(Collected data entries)

+++++

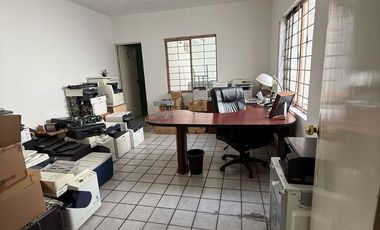 CASA EN VENTA CON USO DE SUELO MIXTO EXCELENTE UBICACION ENFRENTE DE PARQUE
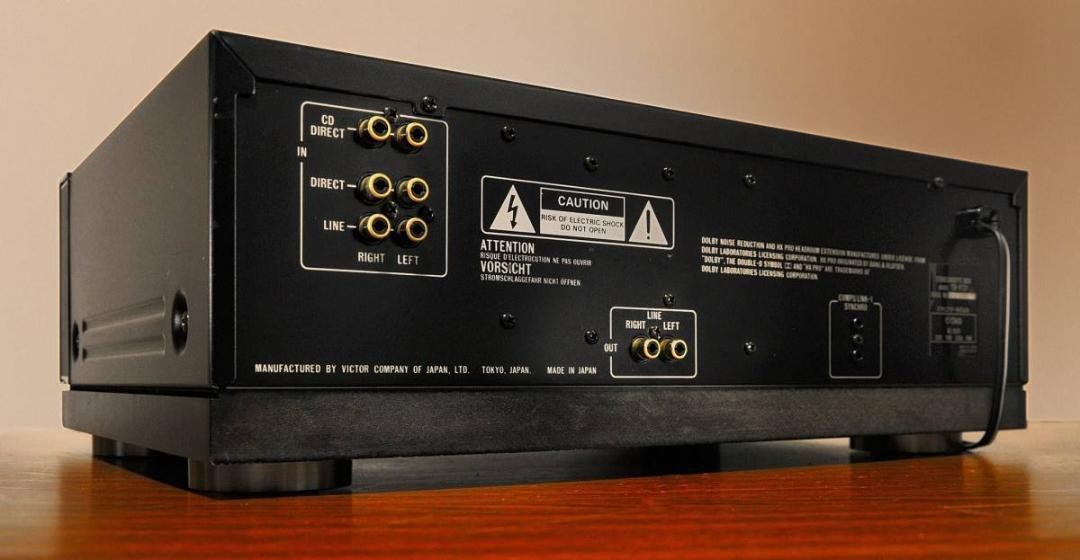 ☆3ヘッドVICTOR STEREO CASSETTE DECK TD-V731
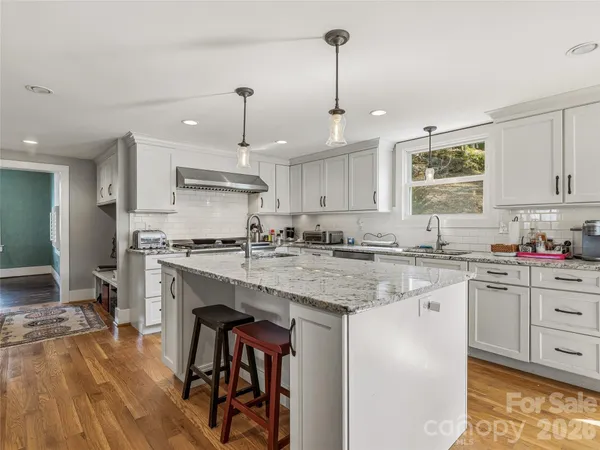 $1,200,000 | 3 Perrion Avenue, Weaverville, NC 28787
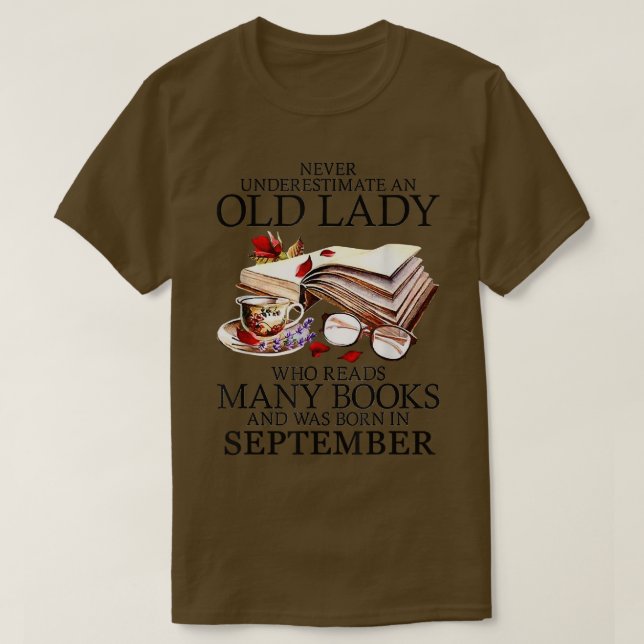Camiseta Never Underestimate A September Lady Who Reads Man (Diseño del anverso)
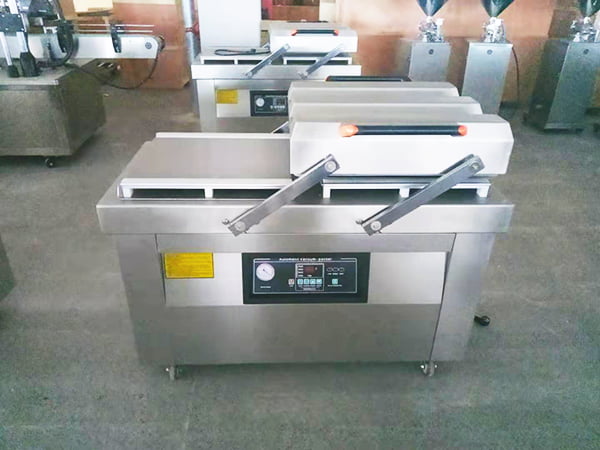 Vacuum packing machine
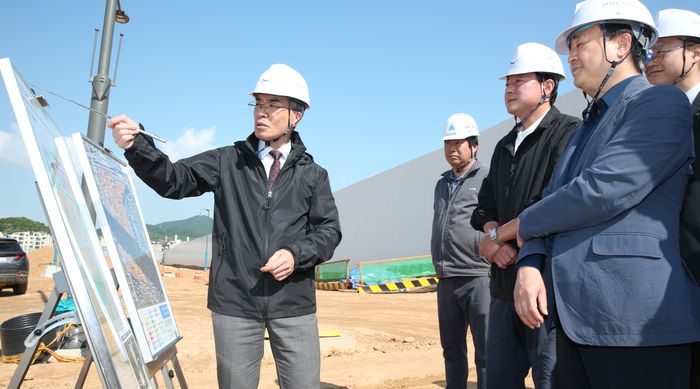 ▲ 류윤기 iH 사장이 검암 플라시아 개발사업 부지에서 ‘2026년 집중안전점검’을 진행하고 있다. ⓒ iH 제공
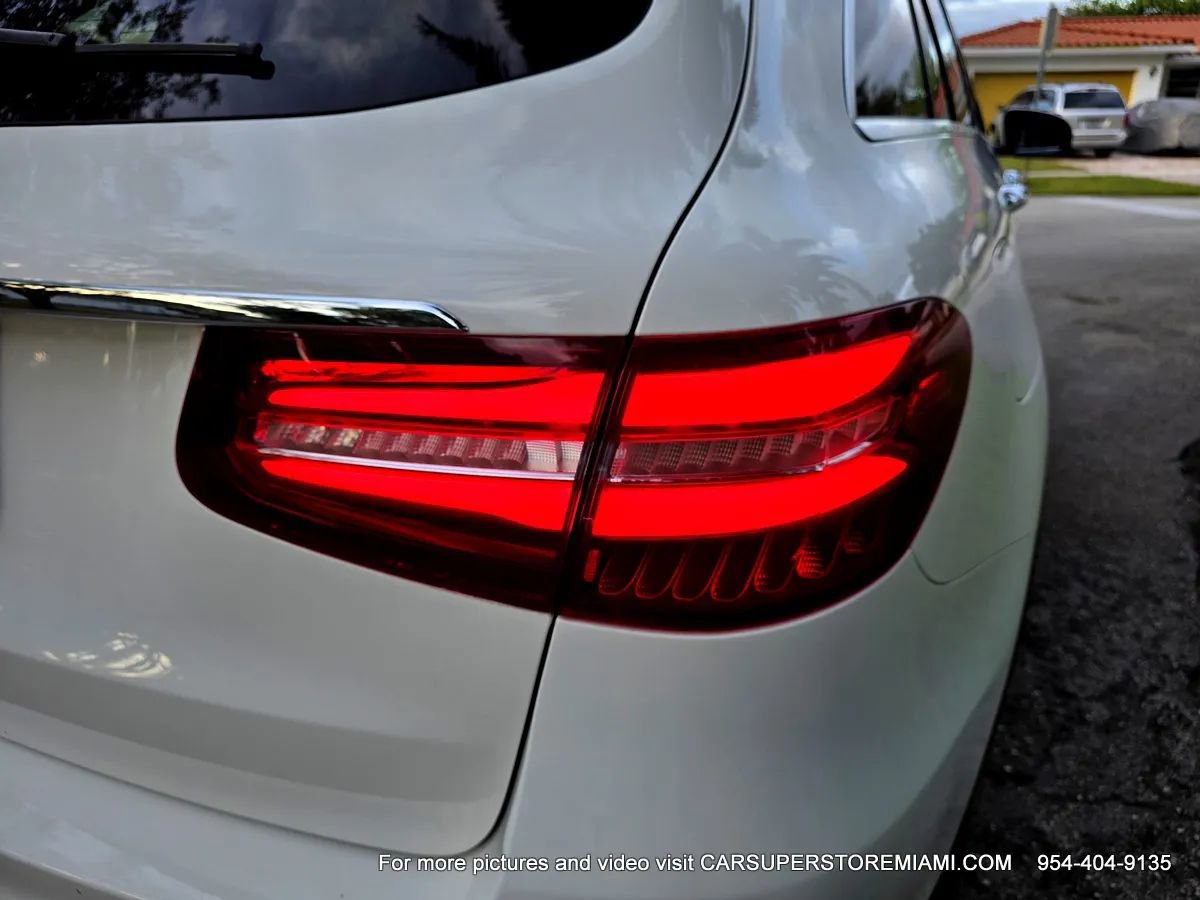 Used 2018 Mercedes-Benz GLC 300 w/ Premium Package image 69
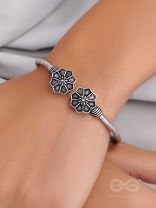 Misty Snowflakes- Oxidised Bangle Bracelet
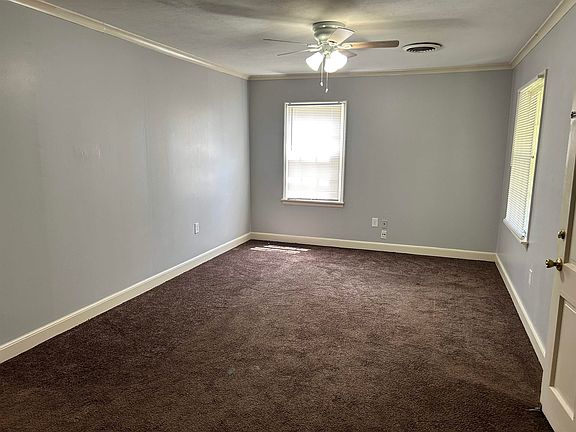 5th image of 4788 Bowen Ave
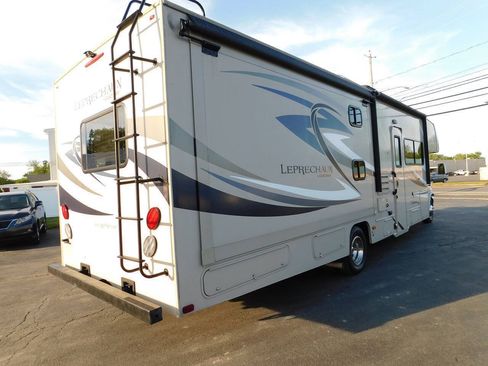 Used 2015 Ford E-450 and Econoline 450 Super Duty w/ Motorhome Prep Package RWD image 13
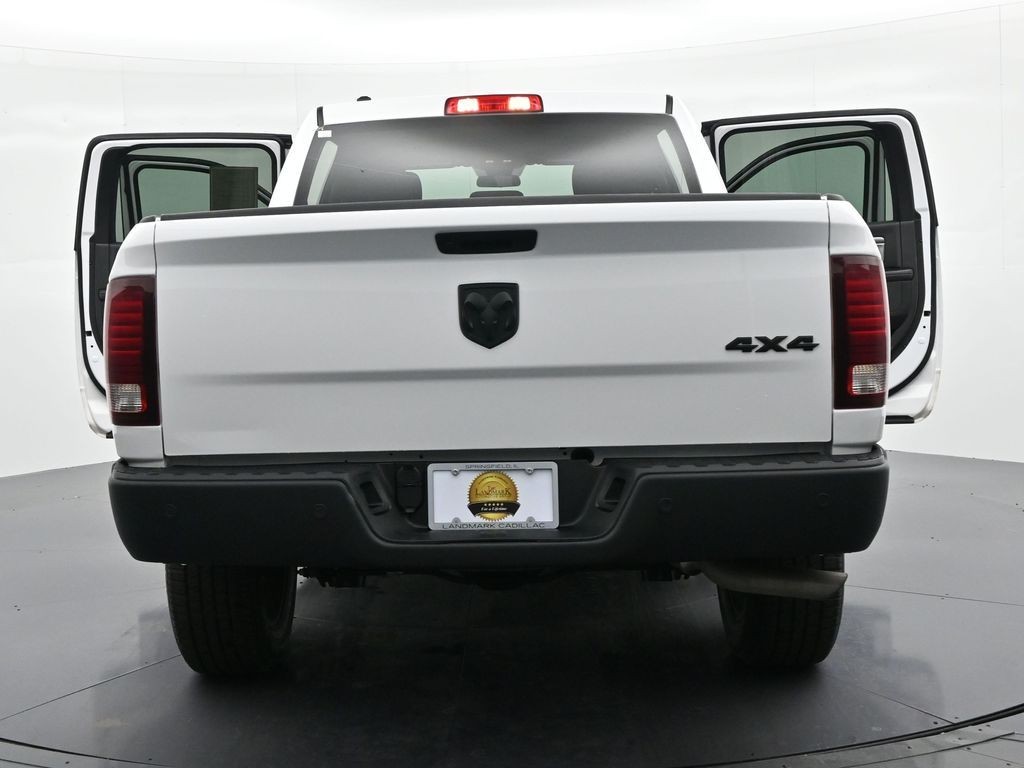 Ram 1500 Classic Vehicle Full-screen Gallery Image 26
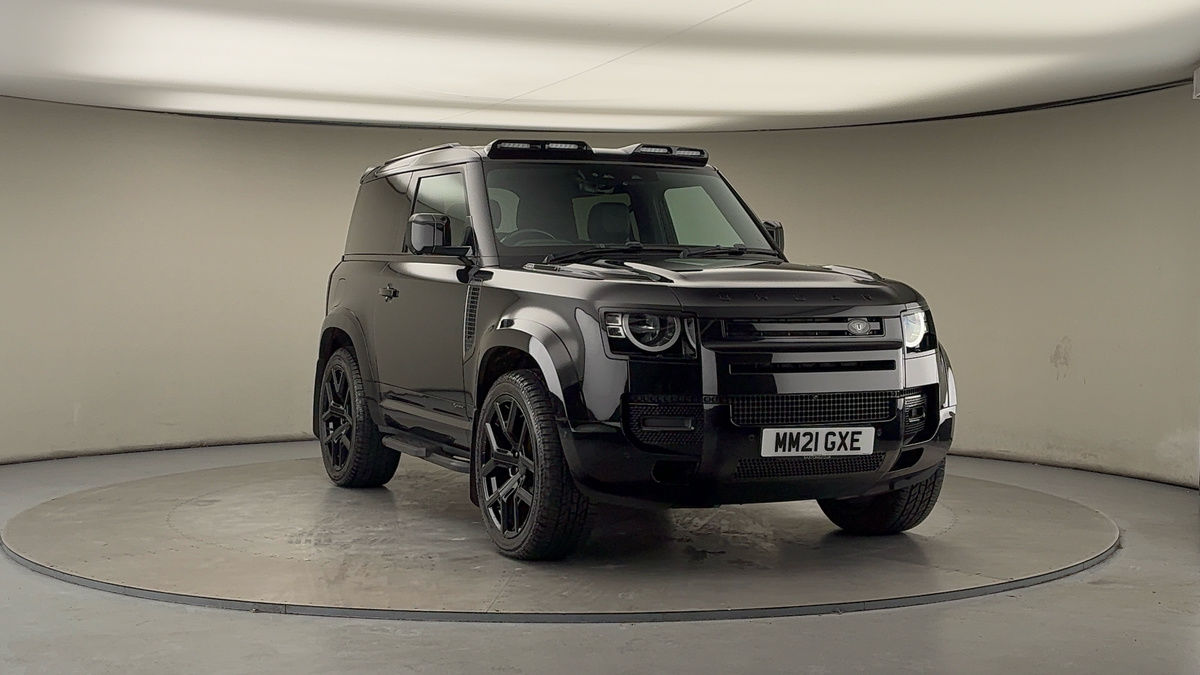 More views of Land Rover Defender 90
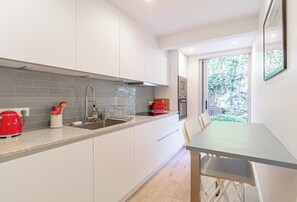 Fridge, microwave, oven, stovetop - magnificent 2-room apartment  sea view Roquebrune (Roquebrune-Cap-Martin)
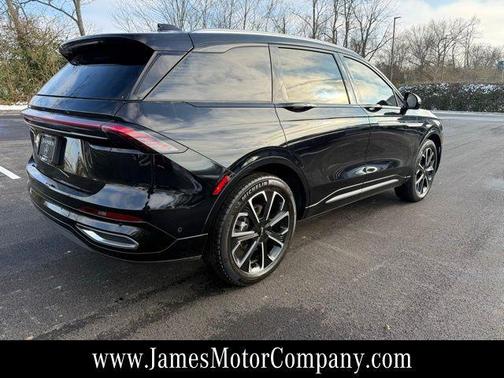 2024 Lincoln Nautilus Reserve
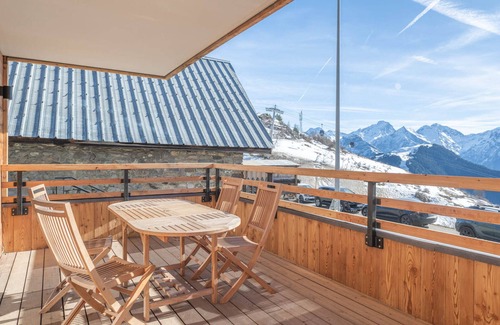 Viel-Alpe Apartment | Luxury Apartment in Huez: South-Facing Terrace, Ski-In Access, Parking, Sleeps 4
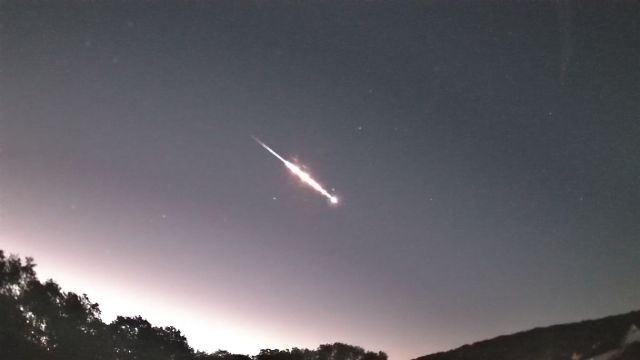 AMS21 meteor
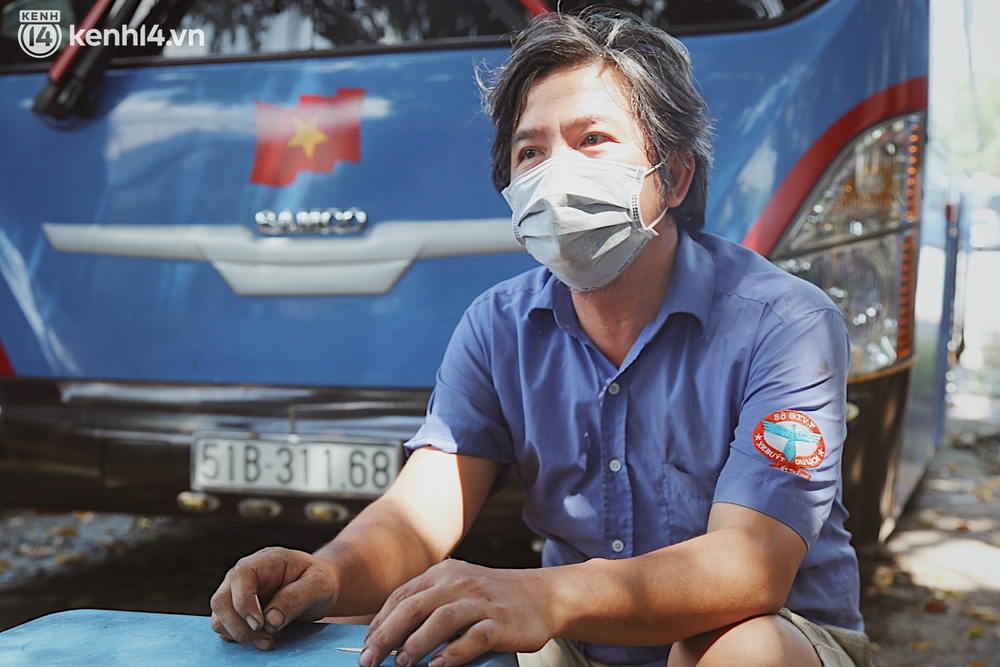 Tài xế, tiếp viên không tiền lấy xe buýt làm nhà suốt mùa dịch: 4 tháng qua chú không có việc gì, chú chỉ ngồi đợi thôi - Ảnh 12. Tài xế, tiếp viên không tiền lấy xe buýt làm nhà suốt mùa dịch: 4 tháng qua chú không có việc gì, chú chỉ ngồi đợi thôi - Ảnh 12.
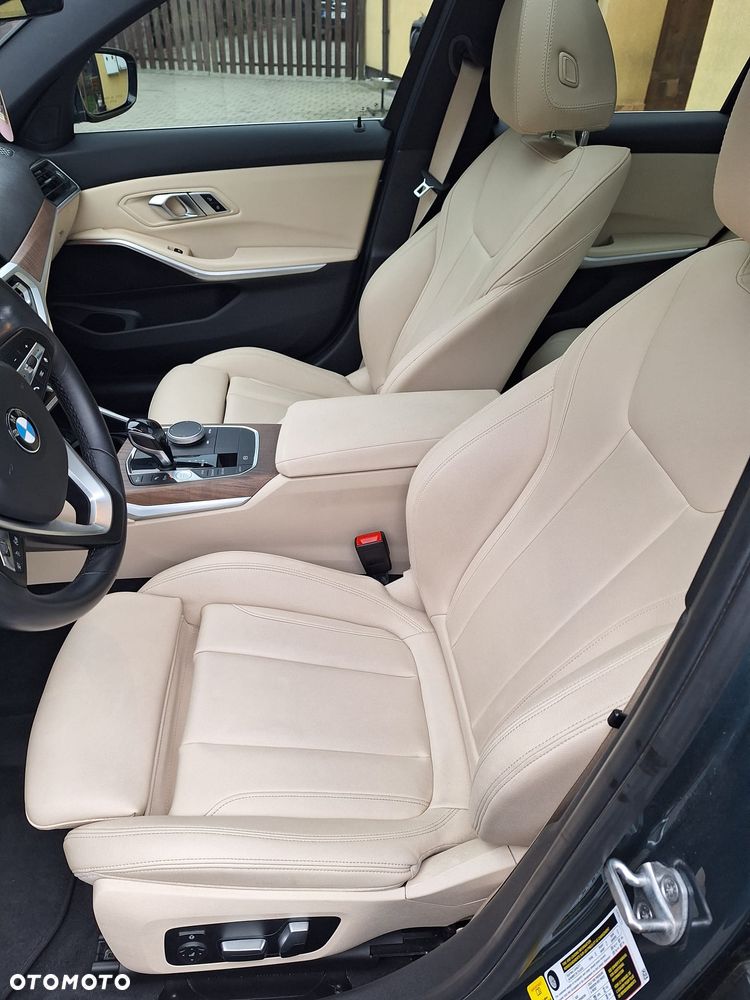 BMW Seria 3 330i Sport Line - 17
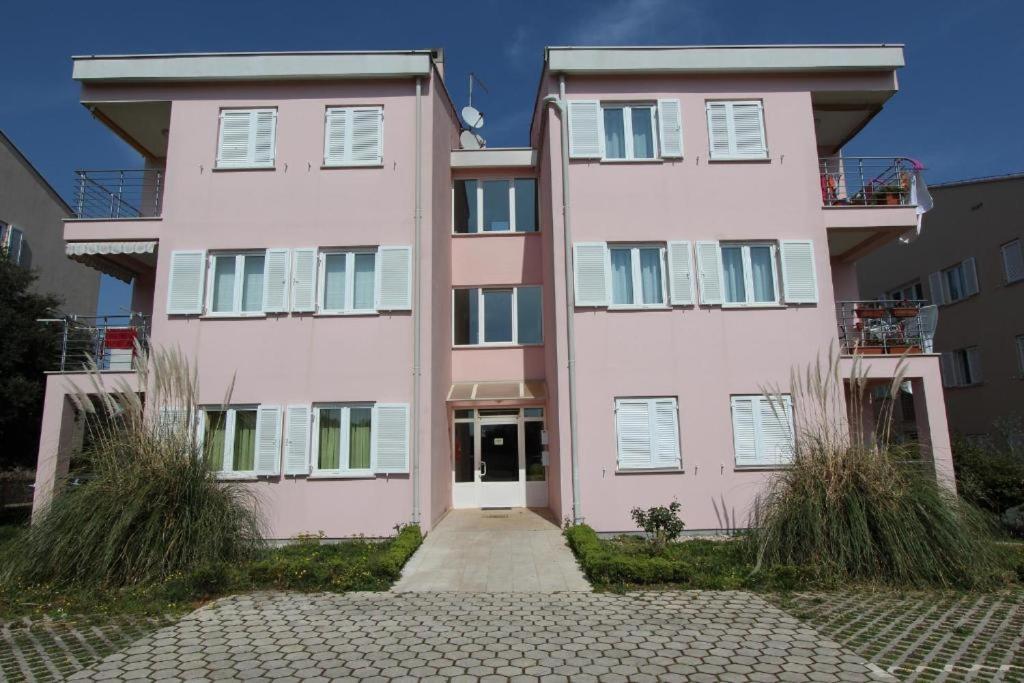 רוביני Apartments Lola מראה חיצוני תמונה
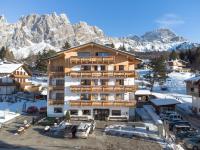 B&B Cortina d'Ampezzo - Camina Suite and Spa - Bed and Breakfast Cortina d'Ampezzo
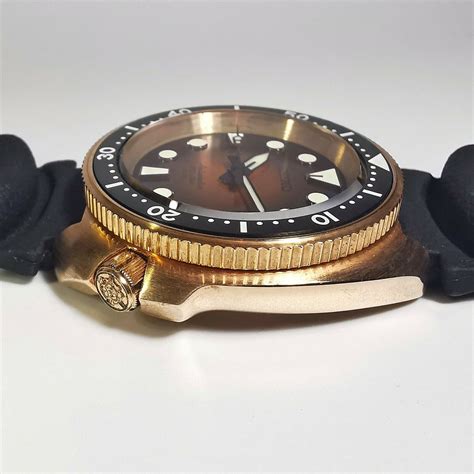 seiko bronze dive watch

+++++

▸ Problem: Exact copy, no pictures: please print the data above once more.

▸ Worked solution:
 CASA EN VENTA CON USO DE SUELO MIXTO EXCELENTE UBICACION ENFRENTE DE PARQUE
 ☆3ヘッドVICTOR STEREO CASSETTE DECK TD-V731
 $1,200,000 | 3 Perrion Avenue, Weaverville, NC 28787
Camiseta Never Underestimate A September Lady Who Reads Man (Diseño del anverso)
 Vacuum packing machine
 ▲ 류윤기 iH 사장이 검암 플라시아 개발사업 부지에서 ‘2026년 집중안전점검’을 진행하고 있다. ⓒ iH 제공
 Used 2018 Mercedes-Benz GLC 300 w/ Premium Package image 69
 Misty Snowflakes- Oxidised Bangle Bracelet
 5th image of 4788 Bowen Ave
 Used 2015 Ford E-450 and Econoline 450 Super Duty w/ Motorhome Prep Package RWD image 13
 Ram 1500 Classic Vehicle Full-screen Gallery Image 26
 More views of Land Rover Defender 90
 Fridge, microwave, oven, stovetop - magnificent 2-room apartment  sea view Roquebrune (Roquebrune-Cap-Martin)
 2024 Lincoln Nautilus Reserve
 Viel-Alpe Apartment | Luxury Apartment in Huez: South-Facing Terrace, Ski-In Access, Parking, Sleeps 4
 AMS21 meteor
 Tài xế, tiếp viên không tiền lấy xe buýt làm nhà suốt mùa dịch: 4 tháng qua chú không có việc gì, chú chỉ ngồi đợi thôi - Ảnh 12. Tài xế, tiếp viên không tiền lấy xe buýt làm nhà suốt mùa dịch: 4 tháng qua chú không có việc gì, chú chỉ ngồi đợi thôi - Ảnh 12.
 BMW Seria 3 330i Sport Line - 17
 רוביני Apartments Lola מראה חיצוני תמונה
 B&B Cortina d'Ampezzo - Camina Suite and Spa - Bed and Breakfast Cortina d'Ampezzo
 seiko bronze dive watch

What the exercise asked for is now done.